Virtue would not go so far if vanity did not keep her company.

[La vertu n’iroit pas si loin si la vanité ne lui tenoit compagnie.]

François VI, duc de La Rochefoucauld (1613-1680) French epigrammatist, memoirist, noble
Réflexions ou sentences et maximes morales [Reflections; or Sentences and Moral Maxims], ¶200 (1665-1678) [tr. Whichello (2016)]
    (Source)

Present in the 1st (1665) edition, with the variant "pas loin" instead of "pas si loin." See ¶169 for related maxims.

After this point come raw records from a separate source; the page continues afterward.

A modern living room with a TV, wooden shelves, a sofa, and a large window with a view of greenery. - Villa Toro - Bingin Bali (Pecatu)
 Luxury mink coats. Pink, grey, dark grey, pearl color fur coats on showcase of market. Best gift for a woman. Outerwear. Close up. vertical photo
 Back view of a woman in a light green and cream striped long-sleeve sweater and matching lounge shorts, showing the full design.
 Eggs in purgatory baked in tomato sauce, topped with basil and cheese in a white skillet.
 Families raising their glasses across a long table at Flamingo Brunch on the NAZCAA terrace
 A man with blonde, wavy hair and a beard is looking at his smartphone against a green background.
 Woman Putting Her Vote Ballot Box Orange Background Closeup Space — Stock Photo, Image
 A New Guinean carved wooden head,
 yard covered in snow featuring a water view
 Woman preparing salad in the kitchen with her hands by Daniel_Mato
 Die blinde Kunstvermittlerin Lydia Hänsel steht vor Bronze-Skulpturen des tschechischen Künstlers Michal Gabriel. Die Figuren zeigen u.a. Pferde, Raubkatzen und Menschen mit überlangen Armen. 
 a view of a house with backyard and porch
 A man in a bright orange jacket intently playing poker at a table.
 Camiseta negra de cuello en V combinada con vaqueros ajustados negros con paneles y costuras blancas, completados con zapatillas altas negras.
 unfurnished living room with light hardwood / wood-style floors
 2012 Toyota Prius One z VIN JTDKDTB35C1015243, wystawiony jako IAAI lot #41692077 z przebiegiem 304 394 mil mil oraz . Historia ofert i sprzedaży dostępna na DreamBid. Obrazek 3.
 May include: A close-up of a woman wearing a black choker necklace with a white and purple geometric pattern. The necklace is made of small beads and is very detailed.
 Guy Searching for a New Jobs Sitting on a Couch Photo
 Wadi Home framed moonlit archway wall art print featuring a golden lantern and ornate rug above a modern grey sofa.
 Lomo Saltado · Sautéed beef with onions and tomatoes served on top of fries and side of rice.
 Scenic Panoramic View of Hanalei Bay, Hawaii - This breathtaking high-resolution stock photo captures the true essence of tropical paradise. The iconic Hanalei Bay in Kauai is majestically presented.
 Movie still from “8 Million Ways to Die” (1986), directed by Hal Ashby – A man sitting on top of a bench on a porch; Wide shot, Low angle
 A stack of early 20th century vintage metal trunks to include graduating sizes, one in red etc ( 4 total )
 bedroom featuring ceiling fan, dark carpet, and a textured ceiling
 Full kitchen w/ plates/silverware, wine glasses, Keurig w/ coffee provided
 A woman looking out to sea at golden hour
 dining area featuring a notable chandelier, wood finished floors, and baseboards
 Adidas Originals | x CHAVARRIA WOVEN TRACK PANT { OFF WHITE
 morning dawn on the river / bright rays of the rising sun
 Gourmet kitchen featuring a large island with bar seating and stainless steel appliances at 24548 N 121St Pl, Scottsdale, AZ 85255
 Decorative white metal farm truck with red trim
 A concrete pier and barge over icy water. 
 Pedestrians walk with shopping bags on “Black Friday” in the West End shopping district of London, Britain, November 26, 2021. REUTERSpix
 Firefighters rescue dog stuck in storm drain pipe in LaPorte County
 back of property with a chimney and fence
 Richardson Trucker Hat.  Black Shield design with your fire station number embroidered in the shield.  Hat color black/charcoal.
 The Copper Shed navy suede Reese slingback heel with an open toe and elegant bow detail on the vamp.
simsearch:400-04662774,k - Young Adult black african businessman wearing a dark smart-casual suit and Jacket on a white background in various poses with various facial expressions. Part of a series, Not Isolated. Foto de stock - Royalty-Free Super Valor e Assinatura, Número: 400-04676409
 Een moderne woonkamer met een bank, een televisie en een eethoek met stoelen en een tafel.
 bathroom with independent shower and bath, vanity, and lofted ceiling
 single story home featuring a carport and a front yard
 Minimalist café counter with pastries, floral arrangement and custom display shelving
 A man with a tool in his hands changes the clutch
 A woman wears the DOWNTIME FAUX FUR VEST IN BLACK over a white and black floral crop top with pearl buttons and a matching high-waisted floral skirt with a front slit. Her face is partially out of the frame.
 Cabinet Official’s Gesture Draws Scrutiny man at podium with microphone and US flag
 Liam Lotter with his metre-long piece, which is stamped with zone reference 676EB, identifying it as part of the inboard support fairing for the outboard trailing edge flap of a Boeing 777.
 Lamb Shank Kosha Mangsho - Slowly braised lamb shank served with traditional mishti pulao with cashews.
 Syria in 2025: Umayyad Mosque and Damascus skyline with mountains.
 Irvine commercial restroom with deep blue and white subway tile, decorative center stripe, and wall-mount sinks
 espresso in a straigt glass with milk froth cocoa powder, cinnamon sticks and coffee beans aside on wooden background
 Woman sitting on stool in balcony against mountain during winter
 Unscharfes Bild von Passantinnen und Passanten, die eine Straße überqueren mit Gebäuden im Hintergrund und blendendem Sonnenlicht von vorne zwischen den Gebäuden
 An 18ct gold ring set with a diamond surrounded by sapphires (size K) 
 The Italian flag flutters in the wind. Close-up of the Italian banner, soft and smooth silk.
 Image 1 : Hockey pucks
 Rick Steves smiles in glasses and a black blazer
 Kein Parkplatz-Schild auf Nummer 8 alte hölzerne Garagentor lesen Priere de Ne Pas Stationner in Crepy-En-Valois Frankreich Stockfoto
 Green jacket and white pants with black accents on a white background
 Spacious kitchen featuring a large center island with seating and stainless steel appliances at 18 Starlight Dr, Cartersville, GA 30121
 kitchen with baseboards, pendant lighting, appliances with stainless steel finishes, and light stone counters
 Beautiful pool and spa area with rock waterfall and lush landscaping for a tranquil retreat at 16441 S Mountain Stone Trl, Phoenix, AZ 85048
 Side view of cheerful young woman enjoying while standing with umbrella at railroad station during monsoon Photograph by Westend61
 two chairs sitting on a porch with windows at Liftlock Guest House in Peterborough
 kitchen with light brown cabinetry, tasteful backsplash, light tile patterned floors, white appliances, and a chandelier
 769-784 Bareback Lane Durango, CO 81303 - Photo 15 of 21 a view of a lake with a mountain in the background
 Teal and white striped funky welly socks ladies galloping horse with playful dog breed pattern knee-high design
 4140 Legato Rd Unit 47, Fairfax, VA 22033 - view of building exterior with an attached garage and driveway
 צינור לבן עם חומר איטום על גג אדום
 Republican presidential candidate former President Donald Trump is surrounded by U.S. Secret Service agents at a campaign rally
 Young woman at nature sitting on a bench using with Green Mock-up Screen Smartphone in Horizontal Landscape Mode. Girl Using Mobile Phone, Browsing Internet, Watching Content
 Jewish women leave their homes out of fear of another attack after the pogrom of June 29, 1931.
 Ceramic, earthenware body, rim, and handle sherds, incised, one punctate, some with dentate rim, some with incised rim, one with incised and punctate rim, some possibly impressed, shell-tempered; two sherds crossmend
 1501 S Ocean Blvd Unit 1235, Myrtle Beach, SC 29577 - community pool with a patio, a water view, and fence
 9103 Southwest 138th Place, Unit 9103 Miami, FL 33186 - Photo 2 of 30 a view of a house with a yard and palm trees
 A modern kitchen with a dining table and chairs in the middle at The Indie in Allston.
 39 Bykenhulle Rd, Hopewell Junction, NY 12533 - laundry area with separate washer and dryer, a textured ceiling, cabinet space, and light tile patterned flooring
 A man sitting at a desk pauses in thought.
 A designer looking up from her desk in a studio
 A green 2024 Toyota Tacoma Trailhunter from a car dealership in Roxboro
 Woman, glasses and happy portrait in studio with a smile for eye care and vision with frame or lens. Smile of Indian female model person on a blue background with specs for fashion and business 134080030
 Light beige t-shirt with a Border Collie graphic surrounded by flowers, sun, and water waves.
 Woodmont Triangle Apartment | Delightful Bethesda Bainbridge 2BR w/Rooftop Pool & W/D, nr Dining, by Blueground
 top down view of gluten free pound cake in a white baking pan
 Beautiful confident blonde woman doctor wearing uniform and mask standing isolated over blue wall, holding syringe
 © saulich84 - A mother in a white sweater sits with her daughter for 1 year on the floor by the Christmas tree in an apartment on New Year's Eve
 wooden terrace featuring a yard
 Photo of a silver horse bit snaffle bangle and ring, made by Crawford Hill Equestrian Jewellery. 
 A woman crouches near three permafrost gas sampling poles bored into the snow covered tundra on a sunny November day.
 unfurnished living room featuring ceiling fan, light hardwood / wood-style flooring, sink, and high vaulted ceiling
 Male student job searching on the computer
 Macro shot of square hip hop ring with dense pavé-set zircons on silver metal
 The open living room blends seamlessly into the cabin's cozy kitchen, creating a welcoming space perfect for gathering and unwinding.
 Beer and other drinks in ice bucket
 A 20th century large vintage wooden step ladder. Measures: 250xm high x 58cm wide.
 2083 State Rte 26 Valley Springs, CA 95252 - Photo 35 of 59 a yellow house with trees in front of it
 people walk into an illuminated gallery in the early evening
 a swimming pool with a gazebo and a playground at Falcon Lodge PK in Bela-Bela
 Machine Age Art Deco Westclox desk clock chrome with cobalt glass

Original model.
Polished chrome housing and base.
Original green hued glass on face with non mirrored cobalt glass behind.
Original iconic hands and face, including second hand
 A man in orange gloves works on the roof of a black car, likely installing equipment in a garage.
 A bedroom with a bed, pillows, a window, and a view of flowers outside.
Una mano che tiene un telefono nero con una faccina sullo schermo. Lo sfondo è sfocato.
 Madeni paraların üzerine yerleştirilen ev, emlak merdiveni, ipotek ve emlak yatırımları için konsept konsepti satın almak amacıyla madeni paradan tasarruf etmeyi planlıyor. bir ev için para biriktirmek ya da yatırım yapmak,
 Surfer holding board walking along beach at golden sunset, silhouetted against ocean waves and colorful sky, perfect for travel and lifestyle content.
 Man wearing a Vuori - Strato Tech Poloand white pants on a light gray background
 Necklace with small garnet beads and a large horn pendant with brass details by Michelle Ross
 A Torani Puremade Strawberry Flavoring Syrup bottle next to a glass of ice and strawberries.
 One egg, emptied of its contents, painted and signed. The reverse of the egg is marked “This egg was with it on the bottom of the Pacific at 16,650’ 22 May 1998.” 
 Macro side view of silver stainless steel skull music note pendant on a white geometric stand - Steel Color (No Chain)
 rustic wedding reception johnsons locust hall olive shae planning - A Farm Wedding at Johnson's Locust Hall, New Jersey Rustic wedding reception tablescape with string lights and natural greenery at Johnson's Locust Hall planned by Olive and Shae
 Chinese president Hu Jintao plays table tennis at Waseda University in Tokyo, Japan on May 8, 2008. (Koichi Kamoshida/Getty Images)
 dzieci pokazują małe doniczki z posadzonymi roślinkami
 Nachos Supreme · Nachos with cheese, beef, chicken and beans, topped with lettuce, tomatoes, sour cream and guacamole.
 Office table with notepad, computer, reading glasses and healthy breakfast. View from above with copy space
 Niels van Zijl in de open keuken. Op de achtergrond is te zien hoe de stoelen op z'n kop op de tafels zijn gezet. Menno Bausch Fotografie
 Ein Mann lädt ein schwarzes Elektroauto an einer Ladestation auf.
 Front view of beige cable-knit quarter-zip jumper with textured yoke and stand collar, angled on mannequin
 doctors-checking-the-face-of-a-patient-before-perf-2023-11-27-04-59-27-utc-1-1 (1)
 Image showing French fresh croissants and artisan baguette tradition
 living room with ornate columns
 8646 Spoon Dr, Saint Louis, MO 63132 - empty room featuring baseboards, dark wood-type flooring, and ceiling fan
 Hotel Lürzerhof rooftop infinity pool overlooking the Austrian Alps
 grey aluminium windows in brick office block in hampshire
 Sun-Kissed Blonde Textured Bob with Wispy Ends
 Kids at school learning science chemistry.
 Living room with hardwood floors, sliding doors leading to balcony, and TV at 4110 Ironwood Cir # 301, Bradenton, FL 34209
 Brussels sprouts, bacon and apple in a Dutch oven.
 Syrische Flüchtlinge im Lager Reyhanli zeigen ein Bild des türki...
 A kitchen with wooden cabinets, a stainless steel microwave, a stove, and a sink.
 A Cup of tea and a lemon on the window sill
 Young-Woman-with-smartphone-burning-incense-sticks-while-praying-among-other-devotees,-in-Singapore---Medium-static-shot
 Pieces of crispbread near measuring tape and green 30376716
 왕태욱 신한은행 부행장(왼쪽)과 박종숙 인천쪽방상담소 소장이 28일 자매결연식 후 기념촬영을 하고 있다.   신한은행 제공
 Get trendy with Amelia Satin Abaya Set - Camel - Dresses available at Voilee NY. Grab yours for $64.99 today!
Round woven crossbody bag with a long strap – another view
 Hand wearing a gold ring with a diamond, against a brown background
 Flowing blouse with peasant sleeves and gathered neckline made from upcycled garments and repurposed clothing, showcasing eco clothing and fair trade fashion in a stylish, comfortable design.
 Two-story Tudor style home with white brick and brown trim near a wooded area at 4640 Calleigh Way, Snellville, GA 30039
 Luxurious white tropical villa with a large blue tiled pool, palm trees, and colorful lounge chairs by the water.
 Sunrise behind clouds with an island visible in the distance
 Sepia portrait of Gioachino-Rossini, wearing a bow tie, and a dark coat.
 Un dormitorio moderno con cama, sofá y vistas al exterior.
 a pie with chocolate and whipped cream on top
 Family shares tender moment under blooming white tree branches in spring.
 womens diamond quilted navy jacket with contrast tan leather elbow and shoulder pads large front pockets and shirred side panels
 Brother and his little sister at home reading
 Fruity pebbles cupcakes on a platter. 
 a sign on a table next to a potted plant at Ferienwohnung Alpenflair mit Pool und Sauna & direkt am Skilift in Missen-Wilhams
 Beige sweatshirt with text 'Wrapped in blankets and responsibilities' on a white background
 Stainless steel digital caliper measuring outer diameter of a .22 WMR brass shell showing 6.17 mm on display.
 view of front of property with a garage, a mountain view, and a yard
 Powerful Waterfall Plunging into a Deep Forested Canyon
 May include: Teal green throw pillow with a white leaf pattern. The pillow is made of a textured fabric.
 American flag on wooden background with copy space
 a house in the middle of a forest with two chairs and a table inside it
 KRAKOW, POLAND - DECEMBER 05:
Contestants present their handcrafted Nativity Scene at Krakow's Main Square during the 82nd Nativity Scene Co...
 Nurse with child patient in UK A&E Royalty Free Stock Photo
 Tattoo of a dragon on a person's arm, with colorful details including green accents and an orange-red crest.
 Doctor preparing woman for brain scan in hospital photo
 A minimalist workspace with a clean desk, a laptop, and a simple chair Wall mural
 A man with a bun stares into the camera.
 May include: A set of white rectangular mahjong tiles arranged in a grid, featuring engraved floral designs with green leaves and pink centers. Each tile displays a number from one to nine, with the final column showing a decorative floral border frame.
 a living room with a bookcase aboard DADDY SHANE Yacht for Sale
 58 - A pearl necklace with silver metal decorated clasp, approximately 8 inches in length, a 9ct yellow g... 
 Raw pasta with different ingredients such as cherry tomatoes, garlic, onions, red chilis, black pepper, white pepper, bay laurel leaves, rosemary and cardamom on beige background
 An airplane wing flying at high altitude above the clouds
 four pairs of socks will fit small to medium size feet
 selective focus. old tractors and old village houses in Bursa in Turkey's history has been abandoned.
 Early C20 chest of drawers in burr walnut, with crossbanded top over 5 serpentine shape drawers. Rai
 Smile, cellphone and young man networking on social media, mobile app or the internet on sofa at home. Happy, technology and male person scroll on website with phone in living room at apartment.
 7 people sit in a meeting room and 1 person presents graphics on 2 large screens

(Source (French)). Other translations:

Vertue would not make such Advances, if there were not a little Vanity to bear it Company.
[tr. Stanhope (1694), ¶201]

Virtue would not go so far, if vanity did not bear her company.
[pub. Donaldson (1783), ¶452; ed. Lepoittevin-Lacroix (1797), ¶191]

Worldly virtue would not go far, were vanity not to bear her company.
[ed. Carvill (1835), ¶386]

Virtue would not travel so far if vanity did not keep her company.
[ed. Gowens (1851), ¶209]

Virtue would not go far did not vanity escort her.
[tr. Bund/Friswell (1871), ¶200]

Virtue would be shorter lived, were vanity not its companion.
[tr. Heard (1917), ¶205]

Virtue would not go so far if vanity did not bear her company.
[tr. Stevens (1939), ¶200]

Virtue would not go so far did vanity not keep her company.
[tr. FitzGibbon (1957), ¶200]

Virtue would not go nearly so far if vanity did not keep her company.
[tr. Kronenberger (1959), ¶200]

Virtue would not go so far without vanity to bear it company.